For the past decade, entrepreneurs and those who own shares in their companies have paid just 10% on the gains realised on investments sold after more than two years. To be absolutely accurate, they are taxed – probably at 40% – on 25% of the capital gain, which works out at 10%.

But Darling proposes that from next April they’ll pay 18%, an 80% rise. The hike will also hit some start-up impresarios who have already sold and are awaiting “earn-outs” based on future performance.

A lot of small business people are squealing that the hike is an attack on entrepreneurialism. Even the GMB union has attacked the move as a setback for Britain’s start-up culture. There will be a silver lining for some, though more on that later.

The ad, design, media and online industries have thrived on regular waves of breakaway agencies. In advertising, the breakaways have creamed off much of the industry’s top talent over the past ten years, though they would deny they were motivated by anything as shabby as a 10% tax regime.

For many start-ups, the extra 8% tax is not necessarily a reason for panic selling. If the business is growing at 15% a year, it would obviously be worth hanging on for the right deal. The start-up agencies that are looking to sell will wait for the right deal to come along, say their owners.
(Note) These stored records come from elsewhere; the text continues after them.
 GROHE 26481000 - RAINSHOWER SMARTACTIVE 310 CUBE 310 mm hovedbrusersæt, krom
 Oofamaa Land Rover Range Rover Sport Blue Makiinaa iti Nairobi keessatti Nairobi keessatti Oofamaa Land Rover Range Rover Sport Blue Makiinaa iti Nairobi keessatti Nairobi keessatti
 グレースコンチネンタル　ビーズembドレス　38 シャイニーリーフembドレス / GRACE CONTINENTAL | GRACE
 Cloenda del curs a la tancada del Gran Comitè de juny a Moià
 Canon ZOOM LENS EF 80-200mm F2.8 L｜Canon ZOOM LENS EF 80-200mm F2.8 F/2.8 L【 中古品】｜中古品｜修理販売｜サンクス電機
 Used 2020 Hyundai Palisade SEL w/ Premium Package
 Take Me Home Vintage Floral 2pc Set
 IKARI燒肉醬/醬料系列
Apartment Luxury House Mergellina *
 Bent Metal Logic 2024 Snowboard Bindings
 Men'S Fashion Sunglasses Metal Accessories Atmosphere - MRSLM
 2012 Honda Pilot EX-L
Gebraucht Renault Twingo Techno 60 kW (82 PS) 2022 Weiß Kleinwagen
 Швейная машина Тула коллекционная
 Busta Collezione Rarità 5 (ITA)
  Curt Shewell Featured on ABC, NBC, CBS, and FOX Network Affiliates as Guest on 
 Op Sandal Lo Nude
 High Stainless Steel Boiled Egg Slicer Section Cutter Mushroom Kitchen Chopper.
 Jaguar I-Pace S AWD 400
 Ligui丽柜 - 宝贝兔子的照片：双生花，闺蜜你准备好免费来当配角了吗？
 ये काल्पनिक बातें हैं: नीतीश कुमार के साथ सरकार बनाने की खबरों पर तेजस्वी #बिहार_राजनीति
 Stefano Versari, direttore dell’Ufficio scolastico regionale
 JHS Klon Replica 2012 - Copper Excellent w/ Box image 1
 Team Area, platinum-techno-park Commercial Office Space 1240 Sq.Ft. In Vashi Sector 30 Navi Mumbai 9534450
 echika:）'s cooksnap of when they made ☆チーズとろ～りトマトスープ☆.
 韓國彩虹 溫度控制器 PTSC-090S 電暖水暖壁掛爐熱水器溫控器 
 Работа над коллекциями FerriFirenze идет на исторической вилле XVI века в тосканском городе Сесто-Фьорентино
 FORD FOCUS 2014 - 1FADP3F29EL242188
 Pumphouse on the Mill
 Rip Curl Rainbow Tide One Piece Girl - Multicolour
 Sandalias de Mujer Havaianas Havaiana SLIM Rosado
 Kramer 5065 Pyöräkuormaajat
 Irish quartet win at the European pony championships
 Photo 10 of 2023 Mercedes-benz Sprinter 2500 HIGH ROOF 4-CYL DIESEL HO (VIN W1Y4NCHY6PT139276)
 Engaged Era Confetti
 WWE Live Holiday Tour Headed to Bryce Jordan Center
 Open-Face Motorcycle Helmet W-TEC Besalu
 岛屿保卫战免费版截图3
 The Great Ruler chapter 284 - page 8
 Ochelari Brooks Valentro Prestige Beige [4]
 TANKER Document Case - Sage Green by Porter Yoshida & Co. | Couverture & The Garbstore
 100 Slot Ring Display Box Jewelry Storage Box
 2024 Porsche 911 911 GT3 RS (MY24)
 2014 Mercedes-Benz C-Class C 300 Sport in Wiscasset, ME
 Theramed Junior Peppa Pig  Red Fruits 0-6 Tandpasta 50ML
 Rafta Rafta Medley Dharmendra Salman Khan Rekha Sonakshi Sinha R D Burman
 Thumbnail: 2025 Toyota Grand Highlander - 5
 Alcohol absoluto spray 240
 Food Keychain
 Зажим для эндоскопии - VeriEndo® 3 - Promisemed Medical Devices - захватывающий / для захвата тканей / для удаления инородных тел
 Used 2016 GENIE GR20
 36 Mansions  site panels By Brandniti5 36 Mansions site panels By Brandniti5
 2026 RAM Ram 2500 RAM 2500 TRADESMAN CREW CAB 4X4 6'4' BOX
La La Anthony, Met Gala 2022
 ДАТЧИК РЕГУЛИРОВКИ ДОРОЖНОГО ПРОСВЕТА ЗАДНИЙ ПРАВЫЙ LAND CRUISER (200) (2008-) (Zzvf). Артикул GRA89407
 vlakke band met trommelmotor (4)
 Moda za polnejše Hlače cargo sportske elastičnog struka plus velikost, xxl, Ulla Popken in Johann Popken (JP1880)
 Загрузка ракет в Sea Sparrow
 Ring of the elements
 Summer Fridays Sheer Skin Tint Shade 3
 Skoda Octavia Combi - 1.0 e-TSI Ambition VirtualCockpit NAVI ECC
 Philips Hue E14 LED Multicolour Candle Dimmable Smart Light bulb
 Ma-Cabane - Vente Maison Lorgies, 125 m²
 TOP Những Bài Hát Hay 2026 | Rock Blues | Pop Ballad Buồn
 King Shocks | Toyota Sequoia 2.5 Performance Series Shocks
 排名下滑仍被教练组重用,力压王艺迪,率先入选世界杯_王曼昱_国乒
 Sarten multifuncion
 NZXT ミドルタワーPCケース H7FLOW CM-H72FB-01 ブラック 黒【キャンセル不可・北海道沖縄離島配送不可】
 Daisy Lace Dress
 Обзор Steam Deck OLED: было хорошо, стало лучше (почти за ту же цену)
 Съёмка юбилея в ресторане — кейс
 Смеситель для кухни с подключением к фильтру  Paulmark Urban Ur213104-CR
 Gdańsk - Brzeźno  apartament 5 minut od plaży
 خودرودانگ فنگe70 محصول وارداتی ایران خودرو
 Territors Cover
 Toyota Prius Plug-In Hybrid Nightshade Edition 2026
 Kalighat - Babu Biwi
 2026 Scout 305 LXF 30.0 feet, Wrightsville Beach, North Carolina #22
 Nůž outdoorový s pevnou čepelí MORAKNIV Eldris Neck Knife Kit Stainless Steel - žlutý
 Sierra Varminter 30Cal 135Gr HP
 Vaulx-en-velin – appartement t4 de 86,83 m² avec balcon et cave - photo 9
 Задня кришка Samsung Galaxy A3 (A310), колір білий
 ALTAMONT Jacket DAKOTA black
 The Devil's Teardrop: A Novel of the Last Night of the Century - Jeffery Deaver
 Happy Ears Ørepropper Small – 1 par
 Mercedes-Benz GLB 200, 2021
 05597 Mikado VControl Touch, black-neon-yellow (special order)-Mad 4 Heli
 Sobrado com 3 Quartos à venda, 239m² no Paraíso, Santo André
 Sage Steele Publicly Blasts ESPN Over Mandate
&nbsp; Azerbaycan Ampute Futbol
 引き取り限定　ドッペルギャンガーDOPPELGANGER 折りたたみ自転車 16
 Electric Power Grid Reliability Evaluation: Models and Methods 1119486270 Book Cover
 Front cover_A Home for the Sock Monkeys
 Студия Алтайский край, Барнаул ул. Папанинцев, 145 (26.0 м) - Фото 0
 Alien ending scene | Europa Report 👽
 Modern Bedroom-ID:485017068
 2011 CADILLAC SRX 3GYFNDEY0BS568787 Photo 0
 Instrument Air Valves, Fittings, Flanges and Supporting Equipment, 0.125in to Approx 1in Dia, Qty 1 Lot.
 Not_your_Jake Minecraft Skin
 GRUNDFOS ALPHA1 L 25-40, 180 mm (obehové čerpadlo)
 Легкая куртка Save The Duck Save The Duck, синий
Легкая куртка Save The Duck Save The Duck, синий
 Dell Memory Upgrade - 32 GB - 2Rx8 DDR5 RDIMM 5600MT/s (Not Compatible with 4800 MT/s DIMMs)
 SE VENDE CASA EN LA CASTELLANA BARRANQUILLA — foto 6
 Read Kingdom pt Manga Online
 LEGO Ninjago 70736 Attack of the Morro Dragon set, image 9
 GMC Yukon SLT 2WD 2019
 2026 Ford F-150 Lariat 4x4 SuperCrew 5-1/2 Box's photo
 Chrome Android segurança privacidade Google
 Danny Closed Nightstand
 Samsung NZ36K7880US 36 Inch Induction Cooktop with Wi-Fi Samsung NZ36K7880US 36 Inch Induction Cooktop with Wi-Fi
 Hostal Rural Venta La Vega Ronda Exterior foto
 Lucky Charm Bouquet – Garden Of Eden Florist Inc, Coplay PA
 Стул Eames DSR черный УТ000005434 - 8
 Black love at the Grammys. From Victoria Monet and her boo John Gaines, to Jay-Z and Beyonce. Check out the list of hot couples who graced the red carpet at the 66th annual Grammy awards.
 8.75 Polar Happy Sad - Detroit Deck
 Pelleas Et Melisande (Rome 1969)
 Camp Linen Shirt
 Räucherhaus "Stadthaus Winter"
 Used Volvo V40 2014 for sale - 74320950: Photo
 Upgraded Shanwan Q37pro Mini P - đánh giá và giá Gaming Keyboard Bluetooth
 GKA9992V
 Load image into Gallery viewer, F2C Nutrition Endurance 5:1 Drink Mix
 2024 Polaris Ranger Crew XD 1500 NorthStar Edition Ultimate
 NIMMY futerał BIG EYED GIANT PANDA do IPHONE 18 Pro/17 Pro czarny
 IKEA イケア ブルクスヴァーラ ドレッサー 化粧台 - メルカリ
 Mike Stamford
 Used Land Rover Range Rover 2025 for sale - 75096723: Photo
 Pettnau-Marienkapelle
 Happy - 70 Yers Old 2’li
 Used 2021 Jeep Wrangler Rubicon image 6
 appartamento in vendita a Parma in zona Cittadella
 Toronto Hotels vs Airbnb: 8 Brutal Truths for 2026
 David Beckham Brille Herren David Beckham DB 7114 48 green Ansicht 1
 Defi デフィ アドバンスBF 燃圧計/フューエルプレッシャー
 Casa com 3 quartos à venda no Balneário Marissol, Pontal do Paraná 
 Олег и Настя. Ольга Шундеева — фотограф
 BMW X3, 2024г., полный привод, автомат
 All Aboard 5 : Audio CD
But the real victims are likely to be among the thousands of small start-up agencies – often regionally based and employing under a dozen people – offering a myriad of marketing services. Many owner-entrepreneurs have based their pension calculations on selling their shares at a 10% tax rate. The hike could seriously damage their retirement.

And that silver lining? Capital gains tax will be a flat rate 18% and that includes the duty on selling second homes and buy-to-let properties which face a 40% rate at present. So all those agency bosses who have bought second – and third – homes in Cornwall, Devon or any other part of the country are sitting on potential goldmines. The CGT changes are likely to spur growth in the regional property market which is capital news for second home owners.

Over the next few months we can expect the familiar old rumours about who is buying whom to start circulating again as deal mania hots up in advance of next spring’s deadline.